#### [Provided entries]
Segment Open

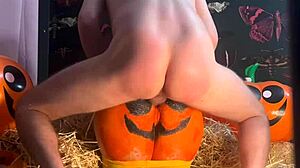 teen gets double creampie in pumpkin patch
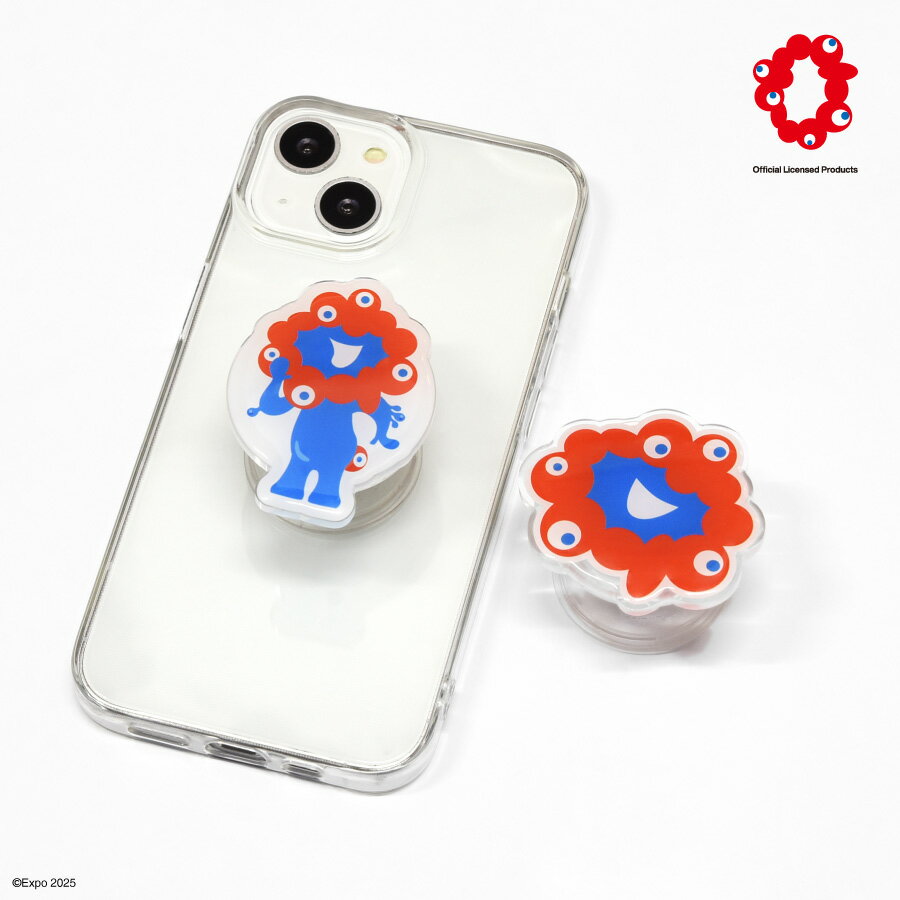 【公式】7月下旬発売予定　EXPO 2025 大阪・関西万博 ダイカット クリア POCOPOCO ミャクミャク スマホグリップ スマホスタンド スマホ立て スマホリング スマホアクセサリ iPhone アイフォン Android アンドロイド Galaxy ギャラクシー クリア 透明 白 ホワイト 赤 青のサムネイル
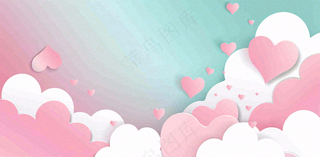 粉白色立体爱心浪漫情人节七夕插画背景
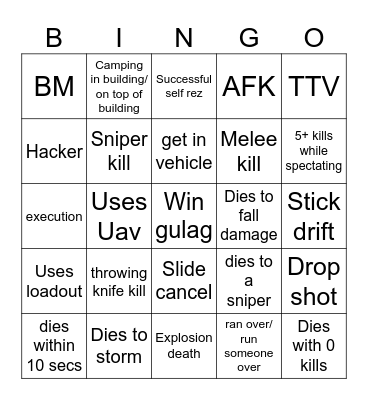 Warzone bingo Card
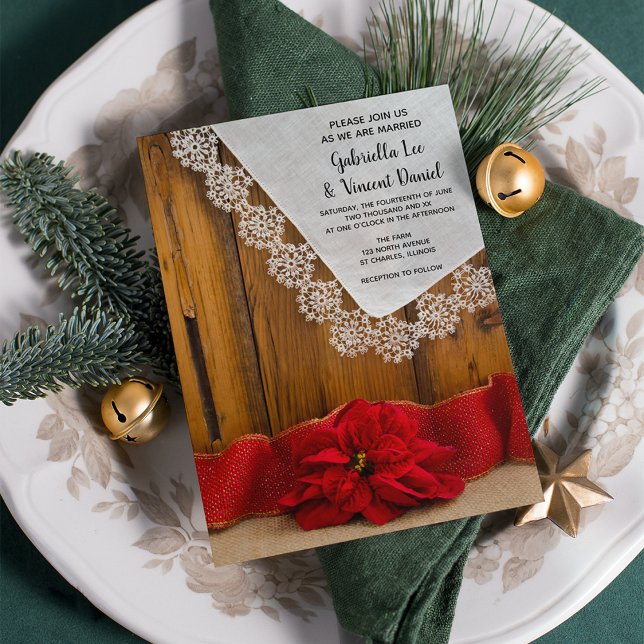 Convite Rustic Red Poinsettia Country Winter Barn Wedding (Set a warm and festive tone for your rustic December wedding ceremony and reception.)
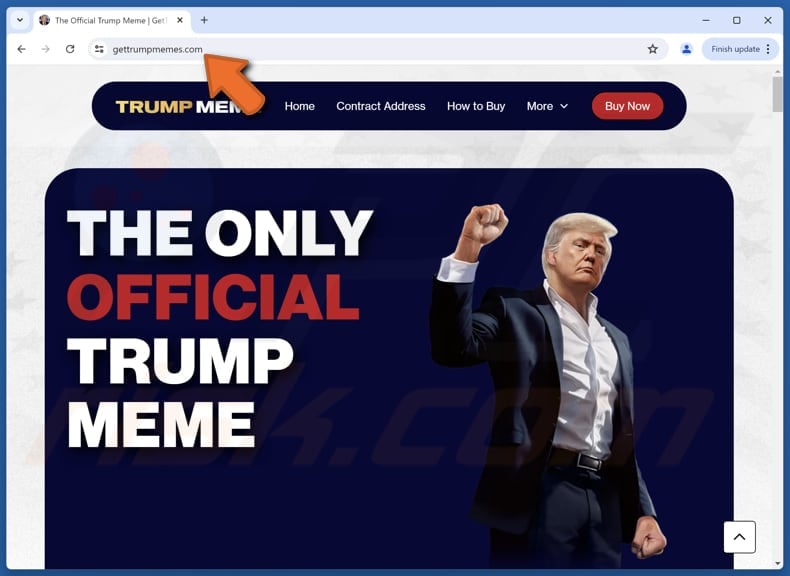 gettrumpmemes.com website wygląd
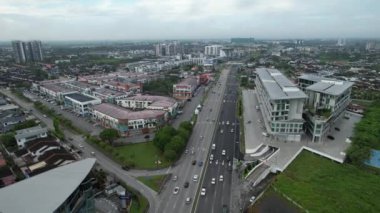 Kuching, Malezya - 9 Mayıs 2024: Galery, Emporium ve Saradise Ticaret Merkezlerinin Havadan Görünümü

Segment Closed
Segment Open

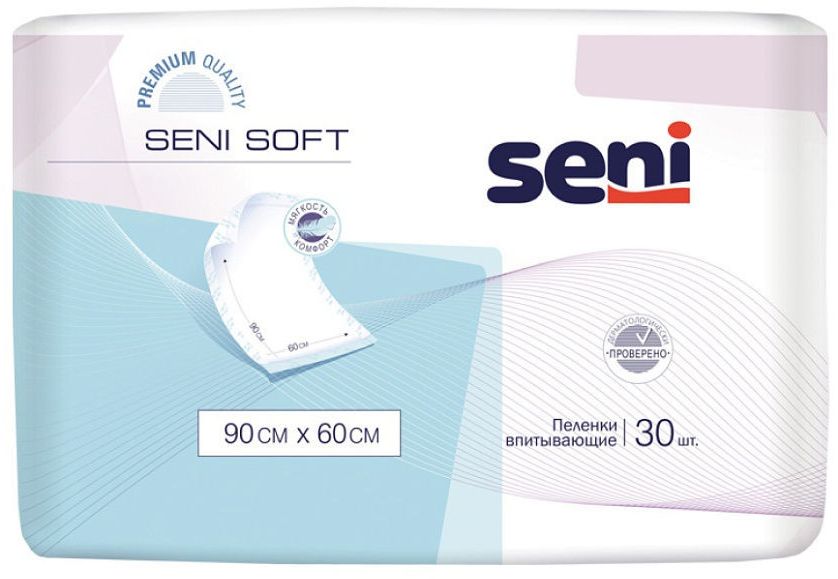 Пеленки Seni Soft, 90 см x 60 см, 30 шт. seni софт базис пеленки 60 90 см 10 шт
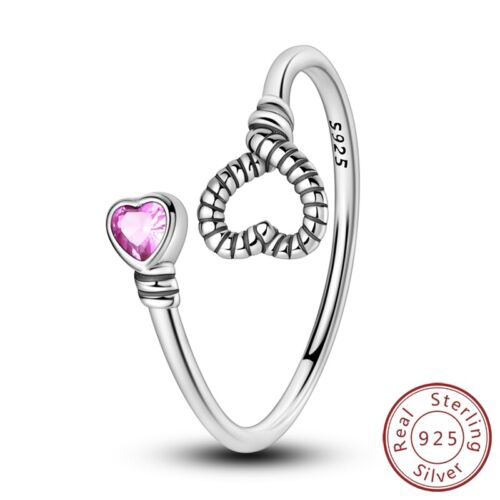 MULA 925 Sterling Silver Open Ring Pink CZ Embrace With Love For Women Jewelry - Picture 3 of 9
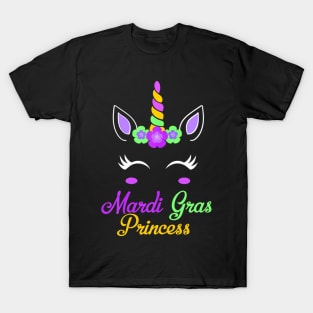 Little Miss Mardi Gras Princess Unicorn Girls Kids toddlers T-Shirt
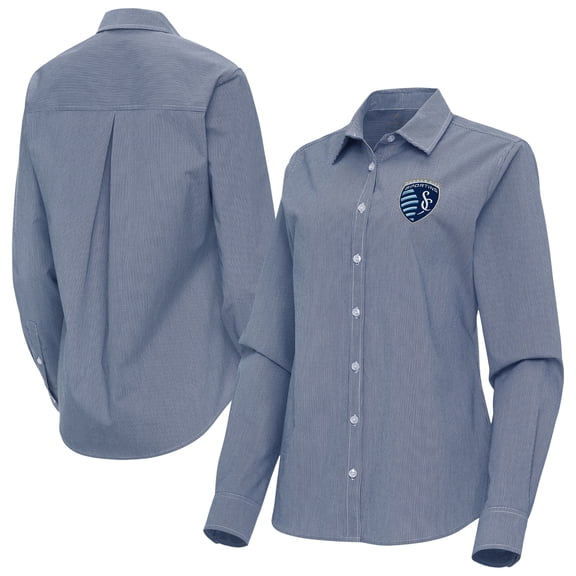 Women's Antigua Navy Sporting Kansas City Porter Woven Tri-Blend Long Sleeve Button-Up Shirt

Segment Closed
Segment Open

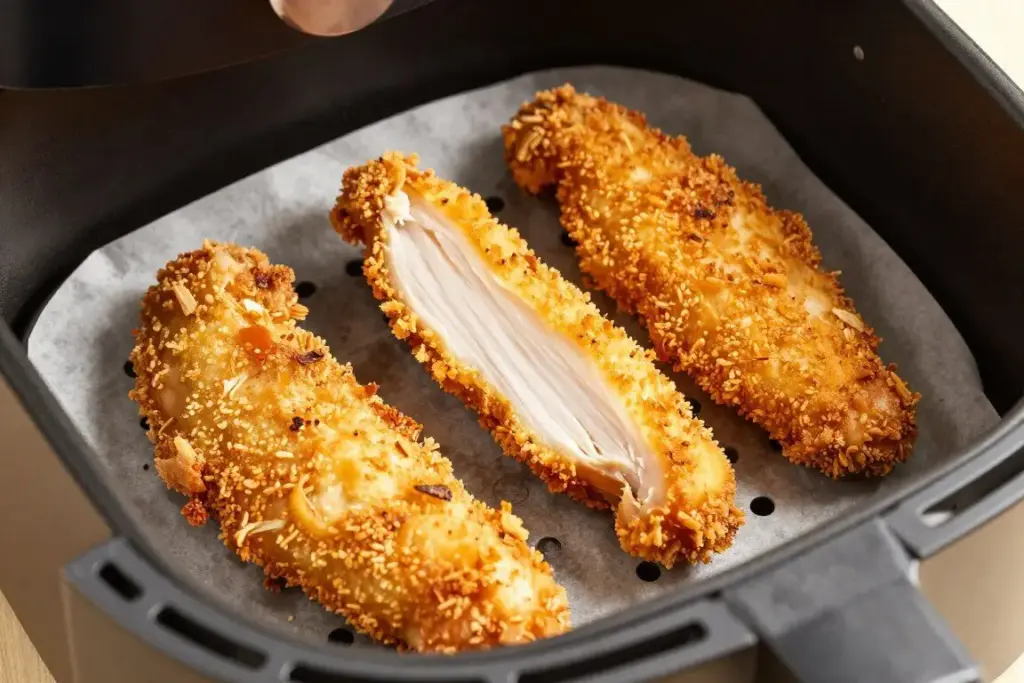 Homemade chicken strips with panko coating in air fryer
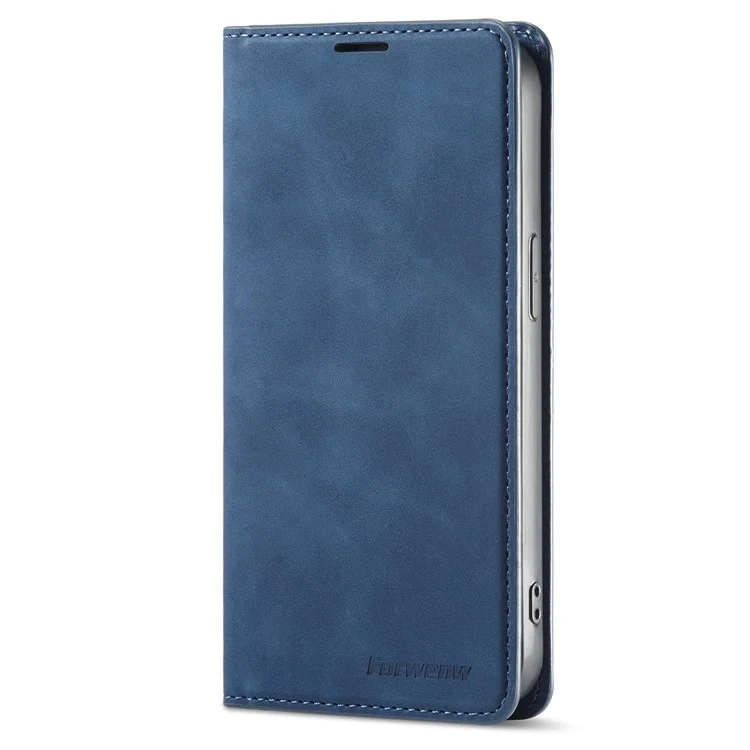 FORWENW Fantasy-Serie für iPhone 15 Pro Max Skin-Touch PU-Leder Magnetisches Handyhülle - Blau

Segment Closed

#### [Exercise aim]
Although pictures appear among the records above, write out exactly only the lines from the one that has "ホワイト 赤 青のサムネイル" through the one that has "Warzone bingo Card", and leave the pictures out.

#### [Reply to the exercise]
 【公式】7月下旬発売予定　EXPO 2025 大阪・関西万博 ダイカット クリア POCOPOCO ミャクミャク スマホグリップ スマホスタンド スマホ立て スマホリング スマホアクセサリ iPhone アイフォン Android アンドロイド Galaxy ギャラクシー クリア 透明 白 ホワイト 赤 青のサムネイル
 粉白色立体爱心浪漫情人节七夕插画背景
 Warzone bingo Card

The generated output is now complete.